Quali sono i valori normali allo scoliometro?
Sotto i 5° il valore è in genere considerato basso. Piccole asimmetrie del tronco sono frequenti: non serve arrivare a 0° perché una schiena sia considerata nella norma allo screening.
Un valore di 5 gradi allo scoliometro è un problema?
In Italia 5° ATI (o 5 mm di gibbo) è proprio la soglia indicata dalla Consensus Conference SIMFER del 2002 per prescrivere una radiografia. Non significa che ci sia una scoliosi: significa che è il momento di ripetere con cura la misura e di chiedere una valutazione.
Che cosa significa un valore di 7 gradi allo scoliometro?
Circa 7° è la soglia che la maggior parte dei programmi internazionali usa per l’invio a una valutazione professionale. In Italia è già ben oltre il riferimento di 5° ATI. Indica che sono opportuni ulteriori accertamenti, non che sia presente una scoliosi.
Un valore allo scoliometro equivale all’angolo di Cobb?
No. L’ATR si misura sulla superficie della schiena; l’angolo di Cobb su una radiografia.

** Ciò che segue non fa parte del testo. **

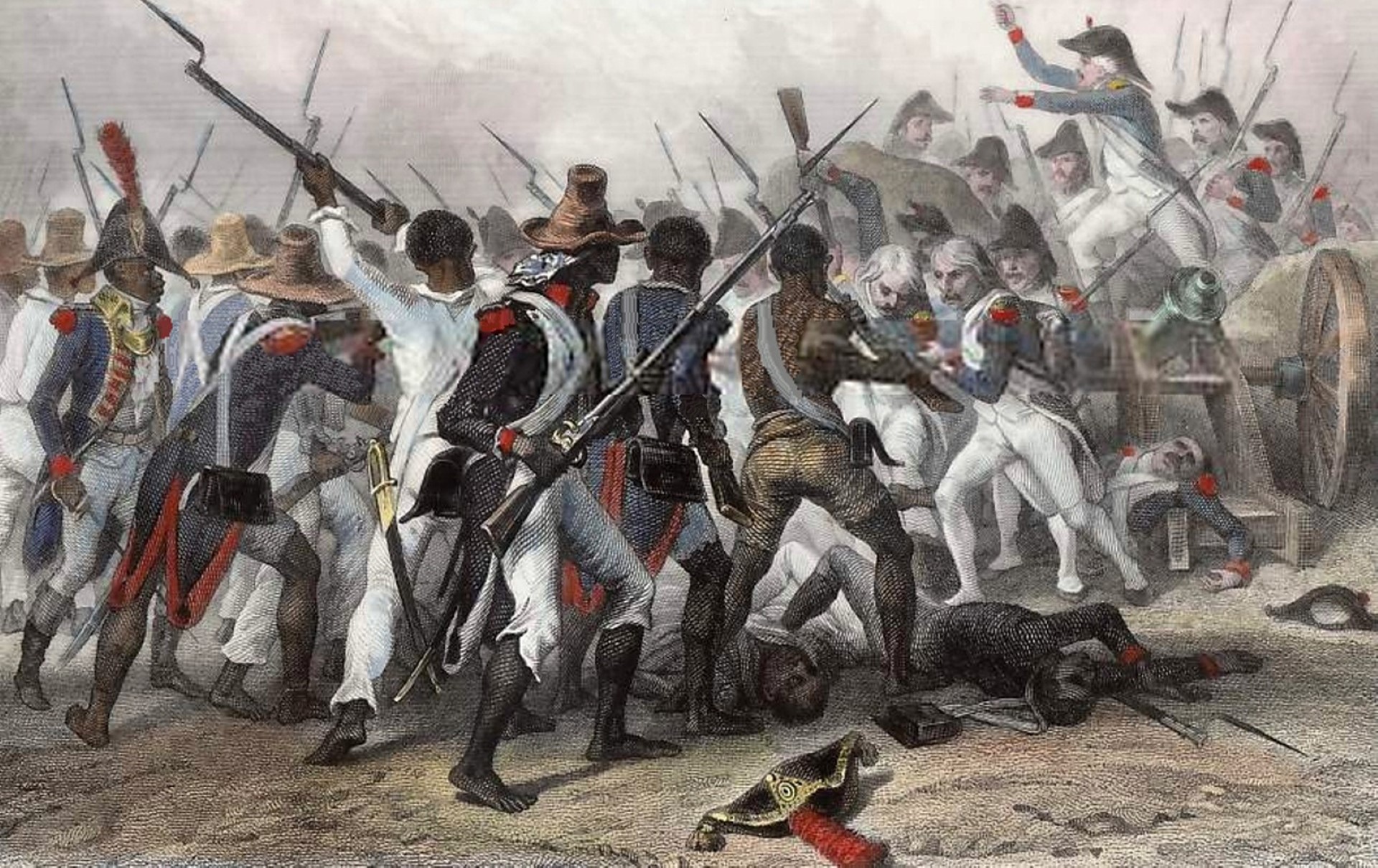 1er janvier 1804 : indépendance d’Haïti, une révolution historique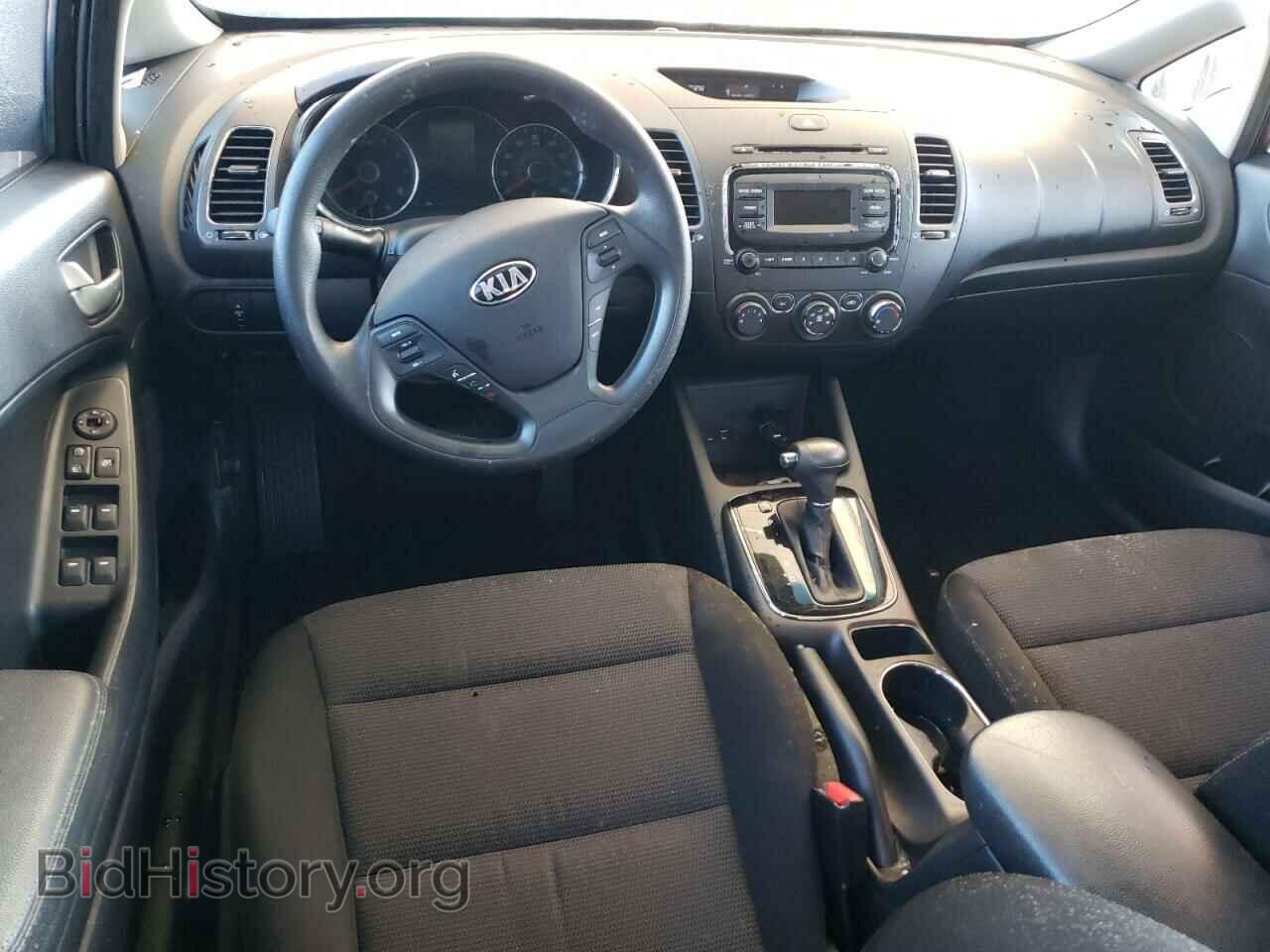2017 KIA FORTE - VIN: 3KPFK4A70HE017729 - Фото 8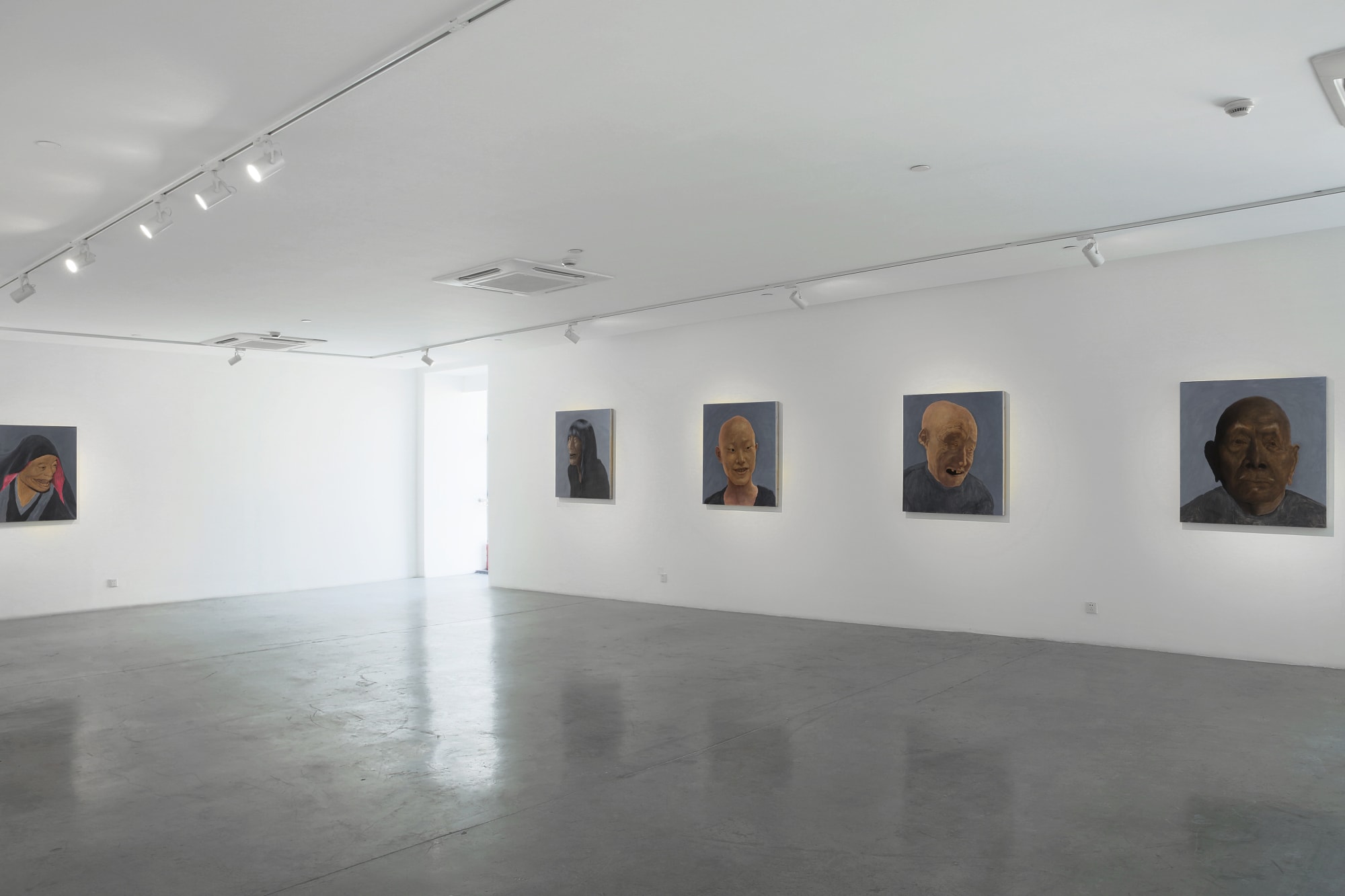 Zhang Shujian | Hunting Ground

Un ATR più alto tende ad accompagnare una curva maggiore, ma la relazione è approssimativa e varia da persona a persona.
Che cosa fare se il valore aumenta tra una misura e l’altra?

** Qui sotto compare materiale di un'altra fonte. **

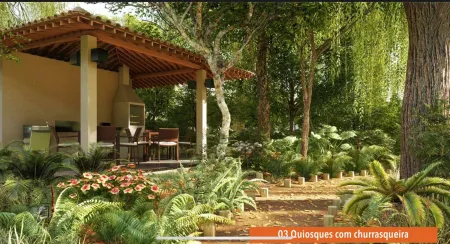 Lote Jardins Parma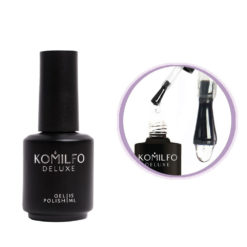 Komilfo Rubber Base - каучукова база для гель-лаку, 15 мл
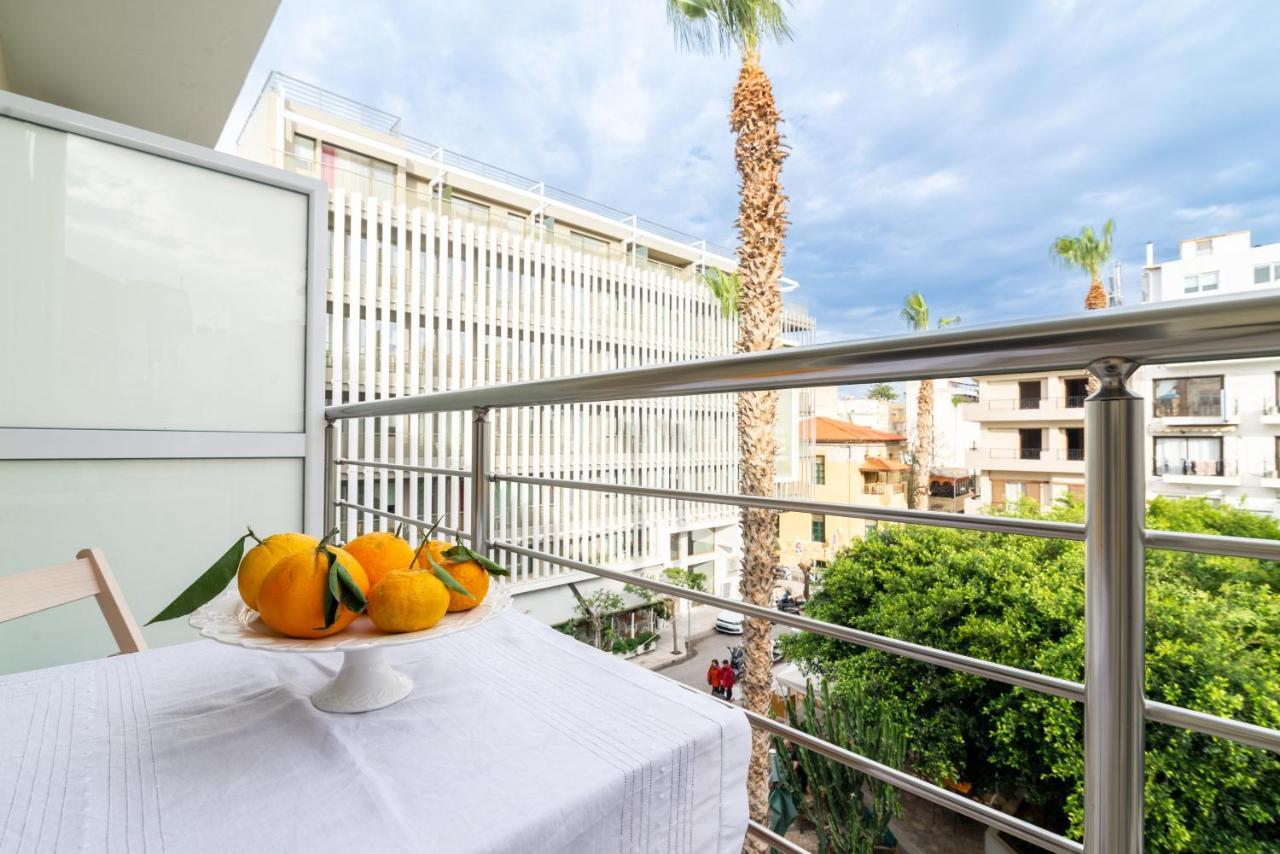 Boutique Apartment With Parkview Heraklion (Crete) Exterior foto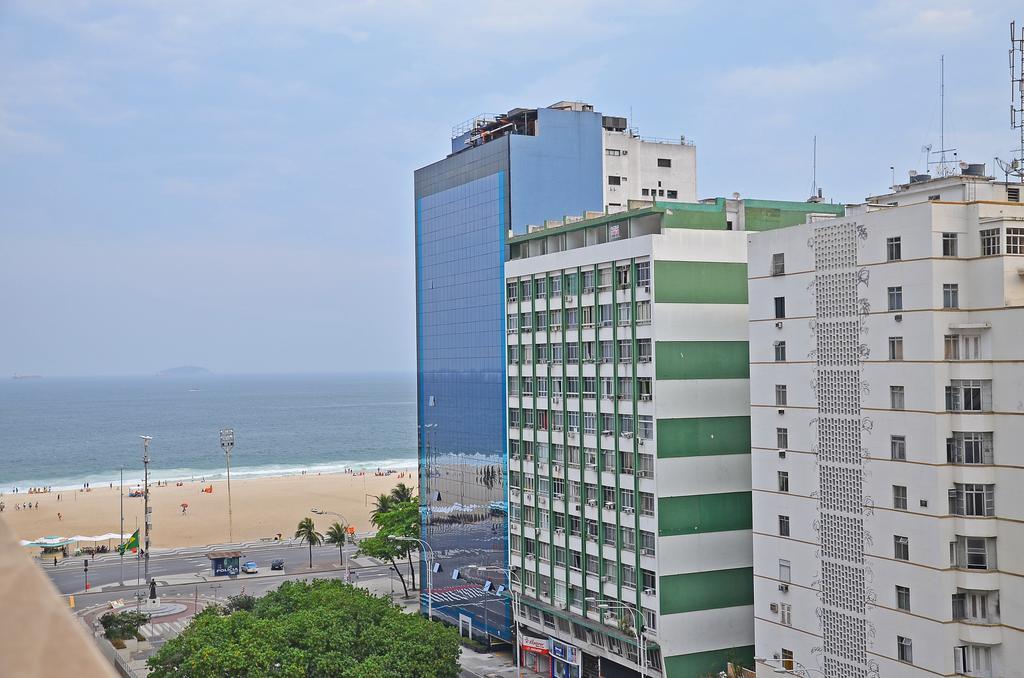 Princesa Isabel Apartments 134 Рио-де-Жанейро Номер фото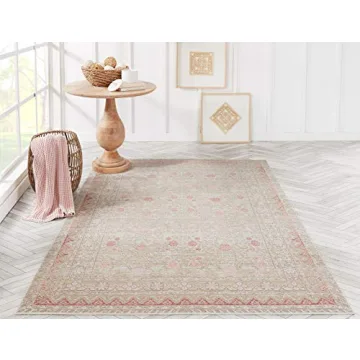 Elegant Momeni Rugs Isabella Traditional Flat Weave Rug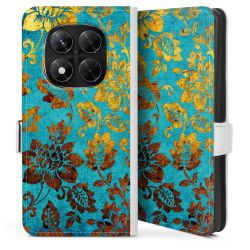 Sideflip mit Lasche weiß/seitliche Lasche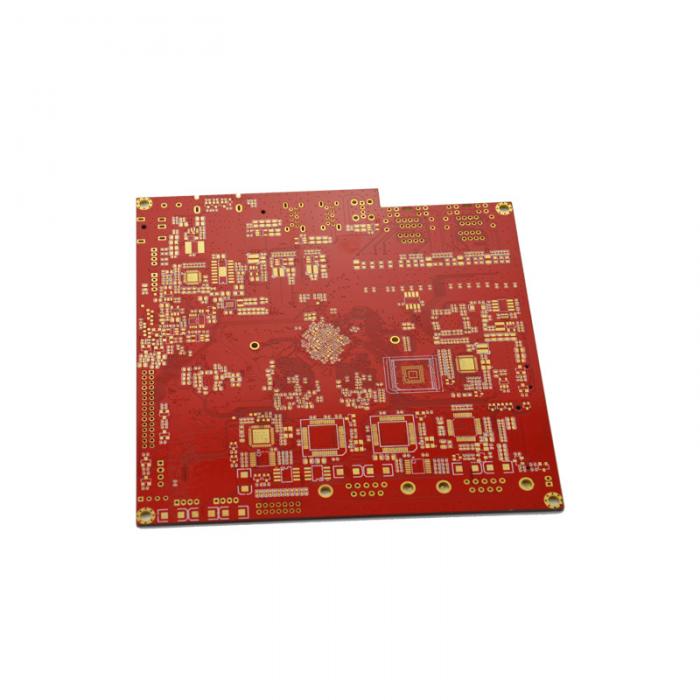 1 layer PCB board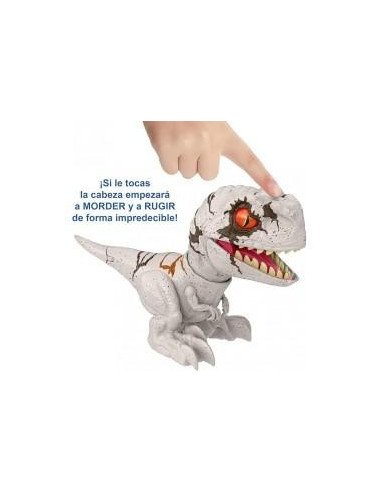 JURASSIC WORLD ROARS ATROCIRAPTOR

Un aumento di 2° o più merita una valutazione professionale anche se il valore assoluto sembra ancora contenuto. Verifichi prima che la tecnica fosse identica, poi chieda una visita.

Guide correlate

Riferimento: van West HM, Herfkens J, Rutges JPHJ, et al. The smartphone as a tool to screen for scoliosis, applicable by everyone. European Spine Journal 2022;31:990–995. Lo studio ha valutato lo screening dell’ATR tramite smartphone come metodo e non ha valutato alcuna applicazione specifica.